LOGMETER ONE OF THE MOST ROBUST, RELIABLE
TRUCKLOAD SCANNING SYSTEMS ON THE MARKET

BIG OPPORTUNITY OPENS FOR FOREST INDUSTRY: SAVINGS FOR GROWERS, PROCESSORS

Logmeter systems can scan full truckloads or measure logs on trucks using different sensors such as laser scanners, stereoscopic cameras, and RGB cameras, providing quick solid volume estimates and biometric information of the logs.

IN recent years, leading companies in the forestry sector have been incorporating cutting-edge technologies in their supply chain, specifically in their fibre measurement processes.

Dr. Mauricio Acuna, senior research fellow in forest operations at the University of the Sunshine Coast, has been investigating the performance of sensor technology in systems for automated measurements of truckloads for about five years.

Dr Acuna discusses his research in this Q&A presentation.

According to your research, what are the main features of these systems?

Mauricio Acuna: These systems can scan full truckloads or measure logs on trucks using different sensors such as laser scanners, stereoscopic cameras, and RGB cameras, providing quick solid volume estimates and biometric information of the logs (e.g. length, diameter).

The LOGMETER is one of the systems I have studied; it has been developed by Chilean company Woodtech (www.woodtechms.com). In Australia, this system has been deployed to the Surrey Hills chip mill owned by Forico in Tasmania. Several other units of the LOGMETER system have been deployed globally over the last 15 years, being one of the most mature, robust, and reliable truckloads scanning systems on the market. The Surrey Hills chip mill unit is the first one of this type in Australasia.

Can you tell us more about the study conducted in Australia this year and the main findings you obtained?

Mauricio Acuna: With a team of researchers at the University of the Sunshine Coast we collected data from the LOGMETER deployed at the Surrey Hills chip mill early this year. We were able to confirm that the level of accuracy of the solid volume predictions reported by the system, with errors that lied within 5% in comparison to manual and photogrammetric measurements. The results from our trials have also been used to calibrate and validate the volumetric models, which will result in more accurate measurements and better solid volume predictions, and ultimately in better economic returns to Forico and the haulage contractors.

From an economic point of view, what conclusions can be drawn from the study?

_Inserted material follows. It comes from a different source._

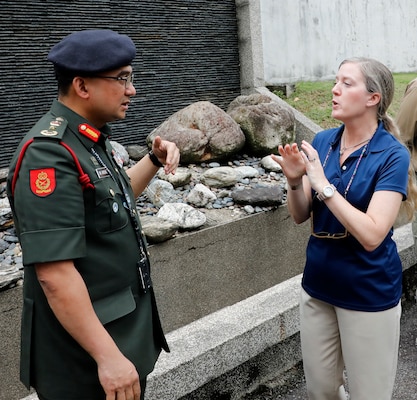 KUALA LUMPUR, Malaysia (July 19, 2024) Brig. Gen. Mohd Arshil Moideen, dean of the National Defense University of Malaysia’s medical facility and defense health division, speaks with Lt. Cmdr. Dawn Weir, director of Naval Medical Research Unit (NAMRU) INDO PACIFIC’s Malaysia detachment during an official visit. Part of Navy Medicine Research & Development and headquartered out of Singapore, NAMRU INDO PACIFIC conducts research in cooperation with host nations in Vietnam, Laos, Singapore, Malaysia and Thailand to improve global health, ensure military force health protection and address infectious diseases such as malaria, dengue fever virus and gastro-intestinal pathogens. (U.S. Navy photo by Tommy Lamkin /Released)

Mauricio Acuna: We were able to confirm that automated systems for the measurement of truckloads can save big money for forest growers and processors, representing a big opportunity for the forest industry in Australia and New Zealand. Among other benefits, they allow a smooth and quick reception of trucks at mills, improve production planning and logistics, reduced log handling costs, log damage, and accidents, and provide better information of the forest resource. In conjunction with moisture control management, they can also reduce truck movements on road networks, with the consequent reduction in fuel consumption and GHG emissions (up to 20% according to our calculations).

For a successful implementation, which considerations must be taken into account for a company that decides to adopt an automated volumetric system such as the LOGMETER?

Mauricio Acuna: The deployment of automated systems for the measurements of truckloads and transition from a trading system based on weight to one based on volume must be planned carefully by forest growers and processors since they may represent a big organisational and cultural change to haulage contractors and other parties in the supply chain. 

To be accepted and successfully implemented, a trading and payment system based on volumetric measurements must be well understood by all supply chain parties, and the benefits must be articulated to all of them. If all these aspects are considered carefully, the benefits associated with automated systems for the measurements of truckloads will largely outweigh their investment and deployment costs.